The trouble goes away (quiet, smooth sewing) when sewing other fabrics in other orientations, so we know it’s not the bobbin. (I earlier had to troubleshoot a bobbin: it was wound too loosely because I didn’t feed the thread in correctly, which resulted in weird noises and giant loops of thread on the back of the fabric. Reminisces of childhood. Solution: get another bobbin, use the poorly-wound one as a spool, and re-wind the new bobbin at the correct tension.)

It’s possible the effects aren’t so magnified when sewing garments, but these are ties, which are 3/4″ wide, at the most. (I’ve been eyeballing a width of about 6-7mm when I’ve turned in the edges…so they’re 1″ wide minus about 6mm to 7mm [a bit over 1/4″].)

If I’m correct, the grain of the fabric runs lengthwise down the bolt. Cutting across the grain is cutting across the shorter side of the fabric: the side which is scissored off of the bolt. Because I was using Fat Quarters especially, sometimes it’s difficult to tell where the selvage is…though I’ll be watching for it, now. At least one side should have a different edge, and that will be the selvage, and parallel to the lengthwise grain.

I should also be able to tell what grain to cut along by testing the fabric for stretch. M showed me the difference in stretchiness between the crosswise and lengthwise grain…lengthwise, the fabric doesn’t stretch. Widthwise (that is, crosswise: across the bolt), it does. Along the bias (at a 45° angle to both grains), stretch is maximum. When making ties, I want to cut and sew in the direction in which the fabric doesn’t stretch.

That might solve all of this. I’m not sure.

Knowing this, however, means that when I’m cutting ties out of the fabric I just obtained — which are not Fat Quarters, they’re 0.5 yard to 1.5 yard segments — I’ll likely need to cut the ties along the selvage, that is, along the length of the bolt. That should prevent these problems, but it also means that I may not be able to make 45″ long ties out of one length of fabric. That’s okay, so long as I don’t waste it…
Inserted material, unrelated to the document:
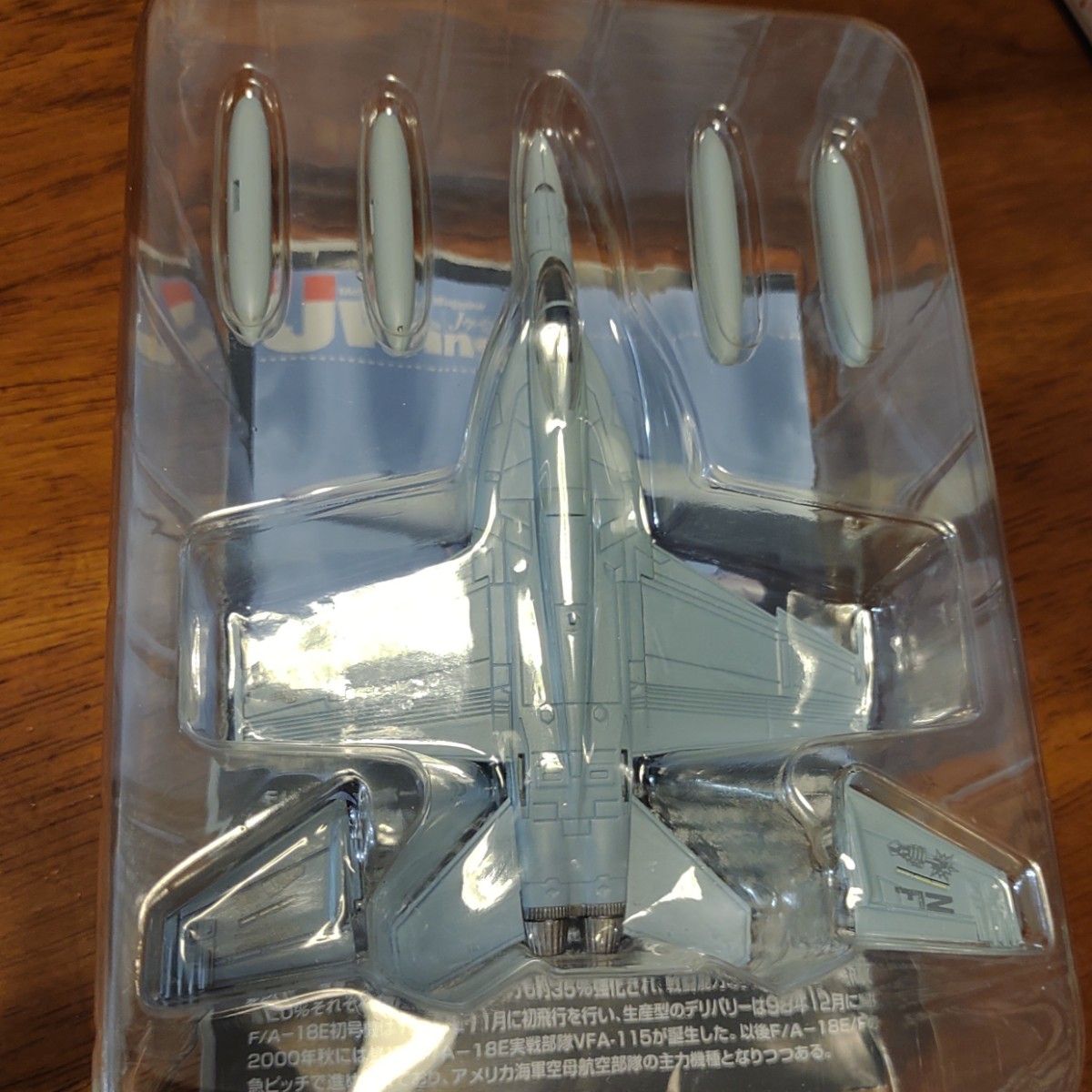 カフェレオ 世界の主力戦闘機 1/144 F/A-18E スーパーホーネット カフェレオ 世界の主力戦闘機 1/144 F/A-18E スーパーホーネット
I had been questioning, as well, whether the fabric folds more easily in one direction, than the other. I guess there’s no better way to answer that directly, than just trying it…

color, craft, fabric, fiber arts, sewing

Fabrics!!!

Remember how I mentioned that thing about having too many choices? I was partially referring to this:

A bunch of quilting cottons divided by color, into blue-greens, pinks, and purples.

And this:

Orange quilting cottons on the right, and a couple of cottons I don't like, on the left...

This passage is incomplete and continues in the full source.